As I am a vegetarian, I usually delight myself with a tagliattelli al pesto with grilled vegetables 🙂
How to get there: buses 200 and 500.
by Sisterhood of Foodies
Casa Aleixo is a reference for anyone who likes to eat very well, and for that reason it couldn’t be missed on this list of the best restaurants in Porto!
Specialised in traditional Portuguese food, you can start your gastronomic adventure with some codfish cakes with green beans salad, delicious alheira croquettes with Portuguese mustard, among other delicacies.
Then you can indulge yourself with some typical dishes from Porto, such as Tripas à moda do Porto (stewed tripes with white beans) or black pork loin roasted on a firewood stove.
But the jewel of the crown lies in fish: octopus fillets served with octopus rice. The fillets are large and tender, and you’ll be served a generous portion of an impeccably cooked octopus rice.
After the main dish, you shouldn’t miss Aleixo’s famous french toast and a homemade aletria.
The restaurant is located at the heart of Campanhã’s neighborhood, and it has an average price of €25/person.
How to get there: The subway station Campanhã is 5min walking distance.
by Gail At Large
Comme Ça is one of the best lunch deals in the city, and hence my personal choice as one of the best restaurants in Porto. Their decorative motif is “casual chic”; retro bric-a-brac will give you something to look at if in a queue or feel slightly claustrophobic in the tight grid of tables.

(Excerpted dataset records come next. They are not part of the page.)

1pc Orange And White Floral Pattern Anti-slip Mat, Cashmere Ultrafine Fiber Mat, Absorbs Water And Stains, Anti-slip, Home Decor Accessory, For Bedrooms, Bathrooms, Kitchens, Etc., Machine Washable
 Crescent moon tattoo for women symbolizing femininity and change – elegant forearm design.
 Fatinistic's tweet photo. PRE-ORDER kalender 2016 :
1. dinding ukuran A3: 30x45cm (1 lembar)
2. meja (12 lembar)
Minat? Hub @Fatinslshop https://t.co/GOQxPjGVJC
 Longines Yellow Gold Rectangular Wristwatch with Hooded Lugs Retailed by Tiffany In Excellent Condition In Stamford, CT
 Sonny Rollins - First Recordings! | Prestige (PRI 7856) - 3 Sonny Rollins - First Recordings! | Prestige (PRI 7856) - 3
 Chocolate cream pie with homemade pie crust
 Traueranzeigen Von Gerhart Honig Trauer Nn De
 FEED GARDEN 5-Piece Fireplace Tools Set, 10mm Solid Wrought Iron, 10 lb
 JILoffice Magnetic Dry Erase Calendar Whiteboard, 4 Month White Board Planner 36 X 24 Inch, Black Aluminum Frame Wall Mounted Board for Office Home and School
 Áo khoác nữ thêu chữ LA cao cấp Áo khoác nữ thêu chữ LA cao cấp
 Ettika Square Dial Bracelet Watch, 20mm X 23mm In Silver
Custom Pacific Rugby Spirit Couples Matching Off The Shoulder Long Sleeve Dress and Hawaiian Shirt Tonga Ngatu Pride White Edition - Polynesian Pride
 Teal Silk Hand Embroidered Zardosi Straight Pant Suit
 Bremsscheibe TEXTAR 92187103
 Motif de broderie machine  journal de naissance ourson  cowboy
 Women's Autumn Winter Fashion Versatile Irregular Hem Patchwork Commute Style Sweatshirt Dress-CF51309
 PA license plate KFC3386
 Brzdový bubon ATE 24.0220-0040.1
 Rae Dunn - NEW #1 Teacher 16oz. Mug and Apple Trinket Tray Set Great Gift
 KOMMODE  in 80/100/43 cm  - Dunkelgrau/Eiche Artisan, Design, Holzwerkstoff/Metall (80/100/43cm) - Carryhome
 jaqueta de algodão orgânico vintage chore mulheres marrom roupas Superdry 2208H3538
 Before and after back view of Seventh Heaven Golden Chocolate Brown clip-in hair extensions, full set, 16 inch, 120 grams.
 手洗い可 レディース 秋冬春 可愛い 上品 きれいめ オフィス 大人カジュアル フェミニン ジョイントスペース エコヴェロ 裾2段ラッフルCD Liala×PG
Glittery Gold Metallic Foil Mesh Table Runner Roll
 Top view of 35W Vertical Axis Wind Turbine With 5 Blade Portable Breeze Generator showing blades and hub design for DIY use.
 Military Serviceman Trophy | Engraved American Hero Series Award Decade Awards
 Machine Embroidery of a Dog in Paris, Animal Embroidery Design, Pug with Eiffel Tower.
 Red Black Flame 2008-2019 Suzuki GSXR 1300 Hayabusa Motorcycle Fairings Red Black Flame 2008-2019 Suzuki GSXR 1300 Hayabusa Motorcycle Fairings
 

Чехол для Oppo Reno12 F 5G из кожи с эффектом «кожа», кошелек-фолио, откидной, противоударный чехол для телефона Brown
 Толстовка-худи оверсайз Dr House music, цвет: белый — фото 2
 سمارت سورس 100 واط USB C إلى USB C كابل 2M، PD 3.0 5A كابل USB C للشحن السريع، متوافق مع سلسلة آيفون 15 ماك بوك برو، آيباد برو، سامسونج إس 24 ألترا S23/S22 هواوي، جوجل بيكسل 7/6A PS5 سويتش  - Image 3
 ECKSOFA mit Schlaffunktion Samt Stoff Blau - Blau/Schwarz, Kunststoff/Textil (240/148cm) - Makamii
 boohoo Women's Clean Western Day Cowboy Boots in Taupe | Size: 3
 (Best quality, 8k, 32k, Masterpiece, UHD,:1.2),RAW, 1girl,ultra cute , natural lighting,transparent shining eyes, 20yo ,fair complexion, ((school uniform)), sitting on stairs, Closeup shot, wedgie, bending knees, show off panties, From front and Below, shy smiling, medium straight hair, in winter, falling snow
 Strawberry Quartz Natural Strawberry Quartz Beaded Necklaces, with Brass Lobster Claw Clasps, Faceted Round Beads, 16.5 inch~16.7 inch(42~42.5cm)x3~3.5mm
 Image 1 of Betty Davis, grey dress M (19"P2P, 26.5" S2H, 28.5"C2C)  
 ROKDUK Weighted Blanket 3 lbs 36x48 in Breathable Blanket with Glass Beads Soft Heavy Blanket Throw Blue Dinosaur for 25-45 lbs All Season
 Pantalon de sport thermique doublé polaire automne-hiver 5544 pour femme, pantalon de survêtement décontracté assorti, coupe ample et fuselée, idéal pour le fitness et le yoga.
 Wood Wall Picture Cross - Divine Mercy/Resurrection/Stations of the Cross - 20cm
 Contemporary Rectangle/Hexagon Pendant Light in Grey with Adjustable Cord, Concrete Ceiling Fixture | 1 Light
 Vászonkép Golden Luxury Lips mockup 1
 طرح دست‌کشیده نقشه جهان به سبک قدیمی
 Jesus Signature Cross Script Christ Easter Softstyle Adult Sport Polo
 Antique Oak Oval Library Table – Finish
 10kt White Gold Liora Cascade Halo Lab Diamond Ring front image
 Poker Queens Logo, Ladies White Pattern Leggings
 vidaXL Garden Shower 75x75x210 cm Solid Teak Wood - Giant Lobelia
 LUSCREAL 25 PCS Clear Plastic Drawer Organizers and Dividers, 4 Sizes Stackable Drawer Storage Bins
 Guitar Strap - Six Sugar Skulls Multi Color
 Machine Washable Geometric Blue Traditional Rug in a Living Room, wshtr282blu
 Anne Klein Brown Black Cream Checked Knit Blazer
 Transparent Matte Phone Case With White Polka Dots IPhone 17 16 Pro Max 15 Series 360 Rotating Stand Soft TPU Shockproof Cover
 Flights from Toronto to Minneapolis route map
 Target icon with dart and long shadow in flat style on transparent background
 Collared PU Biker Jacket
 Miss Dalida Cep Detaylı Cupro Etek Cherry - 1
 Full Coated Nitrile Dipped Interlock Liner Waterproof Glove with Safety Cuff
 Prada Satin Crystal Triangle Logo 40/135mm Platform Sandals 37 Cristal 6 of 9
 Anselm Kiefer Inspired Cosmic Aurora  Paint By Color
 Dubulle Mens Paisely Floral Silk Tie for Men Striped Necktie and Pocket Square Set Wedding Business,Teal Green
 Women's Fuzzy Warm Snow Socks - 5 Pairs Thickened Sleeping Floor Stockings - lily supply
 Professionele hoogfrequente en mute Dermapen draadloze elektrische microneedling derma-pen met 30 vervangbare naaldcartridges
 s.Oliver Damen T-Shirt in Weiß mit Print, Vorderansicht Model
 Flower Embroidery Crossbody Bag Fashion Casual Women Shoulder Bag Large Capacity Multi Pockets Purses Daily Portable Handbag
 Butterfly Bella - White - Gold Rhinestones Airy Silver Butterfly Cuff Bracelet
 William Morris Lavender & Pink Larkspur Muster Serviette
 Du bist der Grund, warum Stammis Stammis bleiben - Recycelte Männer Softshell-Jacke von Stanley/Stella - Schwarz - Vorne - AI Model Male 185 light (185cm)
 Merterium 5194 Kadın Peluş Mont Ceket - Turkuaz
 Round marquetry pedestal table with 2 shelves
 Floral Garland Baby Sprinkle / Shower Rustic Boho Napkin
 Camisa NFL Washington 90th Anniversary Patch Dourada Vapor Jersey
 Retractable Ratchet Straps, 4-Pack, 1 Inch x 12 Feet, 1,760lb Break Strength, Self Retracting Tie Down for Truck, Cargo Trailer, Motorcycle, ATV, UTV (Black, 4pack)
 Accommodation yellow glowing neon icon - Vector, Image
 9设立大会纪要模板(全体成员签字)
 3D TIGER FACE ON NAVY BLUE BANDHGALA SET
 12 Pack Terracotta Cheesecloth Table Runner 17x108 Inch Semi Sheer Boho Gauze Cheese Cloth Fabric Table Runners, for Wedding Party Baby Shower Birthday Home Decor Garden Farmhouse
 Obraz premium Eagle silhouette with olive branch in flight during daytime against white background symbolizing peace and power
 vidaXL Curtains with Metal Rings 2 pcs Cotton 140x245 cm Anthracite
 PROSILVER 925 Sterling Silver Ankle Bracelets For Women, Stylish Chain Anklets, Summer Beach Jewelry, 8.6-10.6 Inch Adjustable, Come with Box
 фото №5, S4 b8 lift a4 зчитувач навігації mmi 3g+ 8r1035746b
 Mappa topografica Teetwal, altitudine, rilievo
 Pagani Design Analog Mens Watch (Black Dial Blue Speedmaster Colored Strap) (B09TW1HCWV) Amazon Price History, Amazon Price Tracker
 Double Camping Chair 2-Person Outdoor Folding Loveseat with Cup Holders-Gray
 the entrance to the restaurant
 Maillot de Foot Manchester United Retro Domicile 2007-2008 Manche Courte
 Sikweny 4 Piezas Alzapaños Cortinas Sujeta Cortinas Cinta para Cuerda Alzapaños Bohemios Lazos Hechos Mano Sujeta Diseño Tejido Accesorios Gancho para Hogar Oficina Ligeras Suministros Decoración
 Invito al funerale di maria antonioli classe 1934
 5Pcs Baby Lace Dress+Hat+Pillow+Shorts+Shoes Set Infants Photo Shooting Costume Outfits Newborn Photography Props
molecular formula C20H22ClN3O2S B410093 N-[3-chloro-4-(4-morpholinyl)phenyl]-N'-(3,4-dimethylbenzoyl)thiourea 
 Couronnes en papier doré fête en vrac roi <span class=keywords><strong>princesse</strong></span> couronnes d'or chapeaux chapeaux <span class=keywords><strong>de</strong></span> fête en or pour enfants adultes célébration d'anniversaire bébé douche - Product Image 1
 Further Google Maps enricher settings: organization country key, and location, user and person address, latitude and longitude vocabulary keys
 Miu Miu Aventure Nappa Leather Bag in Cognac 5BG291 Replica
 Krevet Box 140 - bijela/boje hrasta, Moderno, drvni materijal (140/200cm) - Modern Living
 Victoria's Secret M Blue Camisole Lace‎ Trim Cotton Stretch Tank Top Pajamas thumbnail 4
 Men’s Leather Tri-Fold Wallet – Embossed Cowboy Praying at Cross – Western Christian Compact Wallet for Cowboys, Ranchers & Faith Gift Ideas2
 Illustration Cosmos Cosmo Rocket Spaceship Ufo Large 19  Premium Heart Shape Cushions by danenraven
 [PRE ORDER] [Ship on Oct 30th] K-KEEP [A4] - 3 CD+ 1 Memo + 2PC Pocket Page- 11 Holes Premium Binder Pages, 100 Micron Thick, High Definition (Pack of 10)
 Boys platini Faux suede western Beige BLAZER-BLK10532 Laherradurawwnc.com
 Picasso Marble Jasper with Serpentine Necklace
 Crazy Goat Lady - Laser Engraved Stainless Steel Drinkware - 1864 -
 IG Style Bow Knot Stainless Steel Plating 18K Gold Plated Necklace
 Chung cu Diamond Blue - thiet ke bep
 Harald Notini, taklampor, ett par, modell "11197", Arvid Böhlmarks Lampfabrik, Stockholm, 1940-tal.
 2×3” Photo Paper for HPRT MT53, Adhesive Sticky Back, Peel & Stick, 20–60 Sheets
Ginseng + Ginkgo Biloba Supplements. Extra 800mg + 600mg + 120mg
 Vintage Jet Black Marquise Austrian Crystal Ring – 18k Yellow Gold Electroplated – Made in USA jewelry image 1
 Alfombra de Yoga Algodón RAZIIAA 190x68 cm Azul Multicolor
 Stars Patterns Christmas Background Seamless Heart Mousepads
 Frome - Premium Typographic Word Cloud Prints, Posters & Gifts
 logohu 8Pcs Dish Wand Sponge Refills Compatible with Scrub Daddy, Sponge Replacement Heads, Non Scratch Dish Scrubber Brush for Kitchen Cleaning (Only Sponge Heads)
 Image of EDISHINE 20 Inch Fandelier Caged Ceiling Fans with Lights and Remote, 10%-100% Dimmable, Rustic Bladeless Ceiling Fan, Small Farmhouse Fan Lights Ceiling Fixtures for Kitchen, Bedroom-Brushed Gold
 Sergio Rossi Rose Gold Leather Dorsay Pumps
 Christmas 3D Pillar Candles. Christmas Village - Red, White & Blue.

The food is mostly traditional Portuguese (with a touch of French), but there is always a vegetarian option.
The lunch menu is currently €4.80 and includes: a plate of the day, one pass at the salad bar, water, and coffee. Another pass at the salad bar is €0.50, soup is €0.50, dessert of the day is €1.50. A hungry person will likely need soup and dessert to fuel up as portion sizes are on the smaller side.
How to get there: Aliados subway station is a 5-minute walk, Trindade and São Bento stations are less than 10 minutes by foot.
by Amass. Cook.
Euskalduna Studio is undeniably one of the best restaurants in Porto. There are only 16 places in this intimate restaurant with a Japanese-styled decor, so be sure to book ahead.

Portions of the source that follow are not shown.